> TO DO:
Copy out every line of the listing in which "Virginia" appears.

> RECORD SET:
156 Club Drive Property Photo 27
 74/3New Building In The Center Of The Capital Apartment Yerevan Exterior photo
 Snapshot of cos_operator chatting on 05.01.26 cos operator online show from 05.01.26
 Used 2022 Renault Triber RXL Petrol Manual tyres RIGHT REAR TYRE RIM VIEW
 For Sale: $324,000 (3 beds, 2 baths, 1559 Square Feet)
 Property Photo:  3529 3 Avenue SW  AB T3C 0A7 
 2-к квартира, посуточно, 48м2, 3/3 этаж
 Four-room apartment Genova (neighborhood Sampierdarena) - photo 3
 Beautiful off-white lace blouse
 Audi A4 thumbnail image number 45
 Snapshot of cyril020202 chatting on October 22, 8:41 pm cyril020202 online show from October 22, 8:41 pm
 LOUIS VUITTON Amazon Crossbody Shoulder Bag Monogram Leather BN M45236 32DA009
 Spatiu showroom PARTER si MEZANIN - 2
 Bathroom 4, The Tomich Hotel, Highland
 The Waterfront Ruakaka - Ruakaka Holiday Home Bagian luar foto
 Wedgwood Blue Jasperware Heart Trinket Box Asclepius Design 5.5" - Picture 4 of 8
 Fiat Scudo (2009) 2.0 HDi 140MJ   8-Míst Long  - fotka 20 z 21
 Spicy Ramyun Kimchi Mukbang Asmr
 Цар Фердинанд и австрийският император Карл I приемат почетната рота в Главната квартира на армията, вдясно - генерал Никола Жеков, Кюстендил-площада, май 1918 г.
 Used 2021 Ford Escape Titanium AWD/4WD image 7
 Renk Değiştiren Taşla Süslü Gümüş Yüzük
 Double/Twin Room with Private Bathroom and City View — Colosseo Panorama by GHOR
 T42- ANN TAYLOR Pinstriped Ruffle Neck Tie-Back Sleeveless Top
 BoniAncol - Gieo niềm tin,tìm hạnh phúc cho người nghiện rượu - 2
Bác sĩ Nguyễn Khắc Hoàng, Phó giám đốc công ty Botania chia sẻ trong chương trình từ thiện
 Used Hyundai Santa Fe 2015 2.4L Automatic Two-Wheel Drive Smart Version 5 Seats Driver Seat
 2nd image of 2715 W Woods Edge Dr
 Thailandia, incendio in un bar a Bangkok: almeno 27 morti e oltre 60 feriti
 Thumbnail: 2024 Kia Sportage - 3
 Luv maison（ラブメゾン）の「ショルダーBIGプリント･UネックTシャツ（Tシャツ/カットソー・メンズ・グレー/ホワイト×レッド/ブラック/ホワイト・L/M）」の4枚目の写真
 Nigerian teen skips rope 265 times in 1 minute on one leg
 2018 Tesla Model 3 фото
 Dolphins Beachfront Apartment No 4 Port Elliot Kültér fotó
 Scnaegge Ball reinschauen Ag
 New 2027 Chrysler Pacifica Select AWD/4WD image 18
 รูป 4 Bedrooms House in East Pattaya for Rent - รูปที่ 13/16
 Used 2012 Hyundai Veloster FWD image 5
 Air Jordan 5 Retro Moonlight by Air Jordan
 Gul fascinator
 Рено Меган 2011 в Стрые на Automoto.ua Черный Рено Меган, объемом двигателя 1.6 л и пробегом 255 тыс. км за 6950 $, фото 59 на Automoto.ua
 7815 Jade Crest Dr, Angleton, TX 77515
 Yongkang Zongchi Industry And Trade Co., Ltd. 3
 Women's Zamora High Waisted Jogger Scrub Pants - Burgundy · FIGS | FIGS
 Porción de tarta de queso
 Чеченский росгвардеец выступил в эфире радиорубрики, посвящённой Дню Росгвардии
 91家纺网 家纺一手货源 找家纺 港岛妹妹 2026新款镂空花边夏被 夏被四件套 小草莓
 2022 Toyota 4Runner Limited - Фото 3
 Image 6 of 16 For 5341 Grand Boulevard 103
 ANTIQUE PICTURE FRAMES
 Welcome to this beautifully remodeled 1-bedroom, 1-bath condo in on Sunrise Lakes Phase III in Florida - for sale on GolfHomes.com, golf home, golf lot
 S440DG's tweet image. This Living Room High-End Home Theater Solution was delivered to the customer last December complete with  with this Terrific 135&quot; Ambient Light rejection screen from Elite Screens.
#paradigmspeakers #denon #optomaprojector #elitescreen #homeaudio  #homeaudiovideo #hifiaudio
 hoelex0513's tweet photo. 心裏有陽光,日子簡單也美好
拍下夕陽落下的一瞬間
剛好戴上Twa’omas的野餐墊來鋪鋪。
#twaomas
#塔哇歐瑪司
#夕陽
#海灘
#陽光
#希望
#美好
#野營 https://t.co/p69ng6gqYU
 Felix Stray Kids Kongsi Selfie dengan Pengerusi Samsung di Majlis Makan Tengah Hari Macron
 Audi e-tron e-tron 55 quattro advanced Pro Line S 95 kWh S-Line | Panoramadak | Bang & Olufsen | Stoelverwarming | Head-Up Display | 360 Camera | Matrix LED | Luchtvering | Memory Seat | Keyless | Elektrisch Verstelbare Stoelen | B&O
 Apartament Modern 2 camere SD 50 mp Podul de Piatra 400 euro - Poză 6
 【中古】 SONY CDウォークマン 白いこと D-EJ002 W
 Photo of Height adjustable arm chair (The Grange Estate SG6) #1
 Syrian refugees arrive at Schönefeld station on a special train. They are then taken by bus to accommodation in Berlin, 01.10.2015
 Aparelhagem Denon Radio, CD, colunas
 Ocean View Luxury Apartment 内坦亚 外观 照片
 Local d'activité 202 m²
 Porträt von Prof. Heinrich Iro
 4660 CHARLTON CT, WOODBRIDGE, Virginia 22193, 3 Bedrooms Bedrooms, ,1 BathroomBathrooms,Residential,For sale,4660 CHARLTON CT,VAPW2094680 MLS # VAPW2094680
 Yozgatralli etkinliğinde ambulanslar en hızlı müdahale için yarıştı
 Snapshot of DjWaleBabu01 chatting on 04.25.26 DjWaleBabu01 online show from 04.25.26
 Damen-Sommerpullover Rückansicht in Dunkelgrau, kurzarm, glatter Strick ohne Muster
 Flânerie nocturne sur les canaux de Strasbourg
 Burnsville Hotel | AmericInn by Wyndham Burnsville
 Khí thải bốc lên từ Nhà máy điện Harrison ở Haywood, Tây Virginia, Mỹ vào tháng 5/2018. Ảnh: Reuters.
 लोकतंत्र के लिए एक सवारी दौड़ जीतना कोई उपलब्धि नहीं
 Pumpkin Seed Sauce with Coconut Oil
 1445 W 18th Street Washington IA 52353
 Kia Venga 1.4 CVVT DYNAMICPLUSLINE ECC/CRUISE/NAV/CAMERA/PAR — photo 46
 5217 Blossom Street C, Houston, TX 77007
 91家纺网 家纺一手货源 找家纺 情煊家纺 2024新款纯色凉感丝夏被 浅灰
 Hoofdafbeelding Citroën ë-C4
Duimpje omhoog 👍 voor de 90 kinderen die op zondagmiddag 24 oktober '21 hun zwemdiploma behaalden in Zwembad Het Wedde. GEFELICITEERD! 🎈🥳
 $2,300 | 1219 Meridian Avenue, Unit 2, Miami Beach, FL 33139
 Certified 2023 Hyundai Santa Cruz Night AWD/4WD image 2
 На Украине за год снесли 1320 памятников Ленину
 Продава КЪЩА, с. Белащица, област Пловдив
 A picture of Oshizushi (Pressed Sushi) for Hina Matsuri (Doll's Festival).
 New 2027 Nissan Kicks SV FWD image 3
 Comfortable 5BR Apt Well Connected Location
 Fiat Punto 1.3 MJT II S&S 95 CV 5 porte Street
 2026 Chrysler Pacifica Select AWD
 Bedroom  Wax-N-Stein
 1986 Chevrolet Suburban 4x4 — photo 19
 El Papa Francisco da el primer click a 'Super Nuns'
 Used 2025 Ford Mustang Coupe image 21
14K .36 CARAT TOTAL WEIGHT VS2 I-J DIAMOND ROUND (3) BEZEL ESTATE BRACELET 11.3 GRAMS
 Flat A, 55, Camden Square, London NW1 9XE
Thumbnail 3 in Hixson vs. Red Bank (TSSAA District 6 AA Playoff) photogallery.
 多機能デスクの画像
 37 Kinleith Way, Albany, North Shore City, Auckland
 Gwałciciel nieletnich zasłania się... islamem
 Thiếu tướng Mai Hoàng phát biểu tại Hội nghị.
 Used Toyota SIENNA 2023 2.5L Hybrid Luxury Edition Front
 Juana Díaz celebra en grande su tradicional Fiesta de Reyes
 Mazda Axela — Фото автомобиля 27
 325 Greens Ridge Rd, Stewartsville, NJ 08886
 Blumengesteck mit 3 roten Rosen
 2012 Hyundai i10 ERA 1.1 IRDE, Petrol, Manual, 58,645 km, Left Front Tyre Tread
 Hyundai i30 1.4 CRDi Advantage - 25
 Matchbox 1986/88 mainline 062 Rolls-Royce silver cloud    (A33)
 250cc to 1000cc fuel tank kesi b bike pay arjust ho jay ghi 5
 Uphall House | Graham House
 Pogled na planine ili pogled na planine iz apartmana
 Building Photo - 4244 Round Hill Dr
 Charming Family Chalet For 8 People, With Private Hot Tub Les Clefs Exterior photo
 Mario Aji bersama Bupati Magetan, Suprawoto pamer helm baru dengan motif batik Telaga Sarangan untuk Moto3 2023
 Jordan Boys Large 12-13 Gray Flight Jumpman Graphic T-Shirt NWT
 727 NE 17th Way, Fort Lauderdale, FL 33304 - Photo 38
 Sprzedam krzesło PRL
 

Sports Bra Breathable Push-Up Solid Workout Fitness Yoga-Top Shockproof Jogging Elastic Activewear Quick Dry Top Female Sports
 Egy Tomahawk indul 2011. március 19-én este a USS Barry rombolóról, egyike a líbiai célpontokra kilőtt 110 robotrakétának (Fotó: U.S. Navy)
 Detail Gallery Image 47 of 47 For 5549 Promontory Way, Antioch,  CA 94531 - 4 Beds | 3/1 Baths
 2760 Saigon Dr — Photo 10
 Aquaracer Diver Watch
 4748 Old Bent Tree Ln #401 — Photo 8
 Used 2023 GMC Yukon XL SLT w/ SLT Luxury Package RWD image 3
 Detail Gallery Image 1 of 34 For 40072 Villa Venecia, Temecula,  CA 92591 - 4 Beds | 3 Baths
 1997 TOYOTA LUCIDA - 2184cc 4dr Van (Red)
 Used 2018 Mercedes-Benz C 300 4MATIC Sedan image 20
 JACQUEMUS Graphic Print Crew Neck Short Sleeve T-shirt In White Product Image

> RESULT BELOW:
 4660 CHARLTON CT, WOODBRIDGE, Virginia 22193, 3 Bedrooms Bedrooms, ,1 BathroomBathrooms,Residential,For sale,4660 CHARLTON CT,VAPW2094680 MLS # VAPW2094680
 Khí thải bốc lên từ Nhà máy điện Harrison ở Haywood, Tây Virginia, Mỹ vào tháng 5/2018. Ảnh: Reuters.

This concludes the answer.